La acción de la derecha, proclamando sus objetivos abiertamente guerreristas, y la manifestación de la vanguardia de Petrogrado por izquierda en abril, así como su resolución momentánea, la salida de los ministros Cadetes y la incorporación de los socialistas, no hacia más que dejar al descubierto la extrema debilidad en que se encontraba el gobierno de la burguesía. Trotsky comenta como conclusión de su primera semana de estadía en Rusia que “las manifestaciones de abril instaron a los conciliadores a no acercarse a la masas de obreros y soldados, al contrario demostraron cuántas sorpresas encerraban las masas, empujando a sus jefes democráticos aún más a la derecha, acercándolos a la burguesía”2.

En los siguientes meses, la separación de los jefes, temerosos de la impaciencia y de la voluntad de cambio de la acción callejera manifestada en abril, no haría más que profundizarse. Sin embargo, y a pesar de este extrañamiento, ellos seguían siendo los representantes del Comité Ejecutivo del Soviet de obreros y soldados, seguían hablando en su nombre. La distancia entre las masas y sus representantes, comenta Trotsky, era común a toda forma de representación. Cuanto más indirecta es esta representación, como en el parlamento, más a la rastra irá de los acontecimientos producidos y guiados por la acción de masas. Aunque el Soviet estaba estrechamente ligado a las fábricas y regimientos no escapaba a esa lógica: “La contradicción inherente a toda representación incluso la soviética, consiste en que de una parte es necesaria para la acción de masas y, de otro lado, se alza fácilmente ante ella como obstáculo conservador”3.

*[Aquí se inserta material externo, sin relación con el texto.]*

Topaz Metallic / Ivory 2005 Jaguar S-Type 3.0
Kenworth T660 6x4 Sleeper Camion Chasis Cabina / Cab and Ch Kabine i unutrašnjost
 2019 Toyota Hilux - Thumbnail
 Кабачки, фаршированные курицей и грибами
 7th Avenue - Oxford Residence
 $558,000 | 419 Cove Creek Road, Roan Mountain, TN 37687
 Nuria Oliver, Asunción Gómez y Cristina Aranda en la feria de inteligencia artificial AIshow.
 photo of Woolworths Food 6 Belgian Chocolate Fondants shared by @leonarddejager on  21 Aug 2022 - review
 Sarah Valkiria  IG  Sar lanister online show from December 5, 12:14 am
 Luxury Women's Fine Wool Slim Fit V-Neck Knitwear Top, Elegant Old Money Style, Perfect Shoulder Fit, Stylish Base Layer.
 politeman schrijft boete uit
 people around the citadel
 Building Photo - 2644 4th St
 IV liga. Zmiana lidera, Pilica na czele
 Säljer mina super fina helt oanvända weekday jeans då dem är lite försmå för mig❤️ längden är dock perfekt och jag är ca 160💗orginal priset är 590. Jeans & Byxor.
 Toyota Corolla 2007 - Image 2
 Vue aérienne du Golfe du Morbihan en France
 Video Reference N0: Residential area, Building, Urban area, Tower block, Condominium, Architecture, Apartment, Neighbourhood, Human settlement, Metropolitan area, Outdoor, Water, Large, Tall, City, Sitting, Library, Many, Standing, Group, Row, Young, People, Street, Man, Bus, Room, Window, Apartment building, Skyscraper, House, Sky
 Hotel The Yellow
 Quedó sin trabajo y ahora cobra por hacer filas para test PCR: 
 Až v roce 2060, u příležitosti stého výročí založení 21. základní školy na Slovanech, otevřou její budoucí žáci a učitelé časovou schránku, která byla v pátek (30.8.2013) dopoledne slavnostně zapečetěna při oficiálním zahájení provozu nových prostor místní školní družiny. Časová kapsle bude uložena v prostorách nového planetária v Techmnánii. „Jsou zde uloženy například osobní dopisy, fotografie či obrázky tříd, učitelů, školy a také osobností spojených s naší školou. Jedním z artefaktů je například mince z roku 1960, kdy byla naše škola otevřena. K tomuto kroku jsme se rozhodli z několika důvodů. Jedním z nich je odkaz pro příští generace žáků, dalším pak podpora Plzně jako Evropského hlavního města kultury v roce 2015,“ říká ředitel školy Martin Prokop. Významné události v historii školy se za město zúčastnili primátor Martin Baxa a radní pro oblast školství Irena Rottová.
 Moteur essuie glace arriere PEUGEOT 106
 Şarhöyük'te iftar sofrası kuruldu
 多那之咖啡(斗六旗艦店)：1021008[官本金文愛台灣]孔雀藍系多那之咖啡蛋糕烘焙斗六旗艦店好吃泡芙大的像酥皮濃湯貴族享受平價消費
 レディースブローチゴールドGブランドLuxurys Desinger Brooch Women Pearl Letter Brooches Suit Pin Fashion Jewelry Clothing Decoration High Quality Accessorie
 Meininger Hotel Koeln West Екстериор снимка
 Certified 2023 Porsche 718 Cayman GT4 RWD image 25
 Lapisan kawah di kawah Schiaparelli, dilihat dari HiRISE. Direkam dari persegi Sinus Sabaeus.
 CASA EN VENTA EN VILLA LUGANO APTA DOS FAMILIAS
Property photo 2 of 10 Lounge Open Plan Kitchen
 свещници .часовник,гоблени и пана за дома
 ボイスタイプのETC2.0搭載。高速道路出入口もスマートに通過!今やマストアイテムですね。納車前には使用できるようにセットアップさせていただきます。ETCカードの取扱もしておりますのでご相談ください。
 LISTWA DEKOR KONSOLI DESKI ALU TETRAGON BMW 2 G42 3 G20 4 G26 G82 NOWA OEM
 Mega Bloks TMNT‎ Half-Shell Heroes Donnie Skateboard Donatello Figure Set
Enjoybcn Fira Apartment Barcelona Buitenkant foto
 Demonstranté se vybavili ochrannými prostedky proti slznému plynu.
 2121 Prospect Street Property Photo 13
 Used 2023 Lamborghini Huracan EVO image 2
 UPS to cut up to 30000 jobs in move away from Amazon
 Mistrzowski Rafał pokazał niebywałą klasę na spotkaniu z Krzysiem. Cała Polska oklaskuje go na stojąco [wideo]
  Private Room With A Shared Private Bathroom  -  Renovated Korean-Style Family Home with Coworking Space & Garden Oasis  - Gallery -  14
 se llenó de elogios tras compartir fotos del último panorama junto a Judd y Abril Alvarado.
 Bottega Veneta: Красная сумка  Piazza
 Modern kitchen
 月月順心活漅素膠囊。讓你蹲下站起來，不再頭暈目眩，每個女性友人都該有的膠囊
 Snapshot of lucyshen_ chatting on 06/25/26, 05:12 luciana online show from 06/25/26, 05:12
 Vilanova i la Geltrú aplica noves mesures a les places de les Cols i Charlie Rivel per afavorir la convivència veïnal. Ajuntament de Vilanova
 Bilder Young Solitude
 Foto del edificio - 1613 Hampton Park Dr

El partido bolchevique fue el único partido que se enfrentó al ingreso de los representantes del soviet al gobierno provisional. Era el único contrario a la colaboración. Por oposición, la mayoría del CE del Soviet, en forma conservadora para mantener el orden alterado por la acción callejera, se comprometería directamente con la continuidad de la guerra. A partir de ese momento, el partido bolchevique iniciará una amplia campaña por la renovación de la representación en el Soviet. Lenin, consciente de las presiones que la impaciencia de la vanguardia revolucionaria de la capital ejercía para resolver o modificar mediante nuevas medidas de fuerza las consecuencias de que el poder se hallara en manos de la burguesía, conciente de que aún las masas debían atravesar por la experiencia del gobierno coaligado de socialistas y burgueses, indicará que el momento aún era de preparación y esclarecimiento de las fuerzas de la revolución: “Prepárense y recuerden que si junto a los capitalistas han podido vencer en unos pocos días por una simple explosión de indignación popular, para lograr la victoria sobre los capitalistas es necesario algo más que eso. Para esta victoria, para la conquista del poder para los obreros y los campesinos más pobres, para retener ese poder, para su hábil aprovechamiento, se necesita organización, organización y más organización (…) No crean en las palabras. No se dejen entusiasmar por promesas. No exageren sus fuerzas. Organizarse en cada fabrica, en cada regimiento y compañía, en cada barrio. Trabajar en ello cada día y cada hora, trabajar ustedes mismos; este trabajo no se puede confiar a nadie. Mediante esta labor procurar que las masas, vayan gradual, firme e indefectiblemente depositando su confianza en los obreros de vanguardia”4.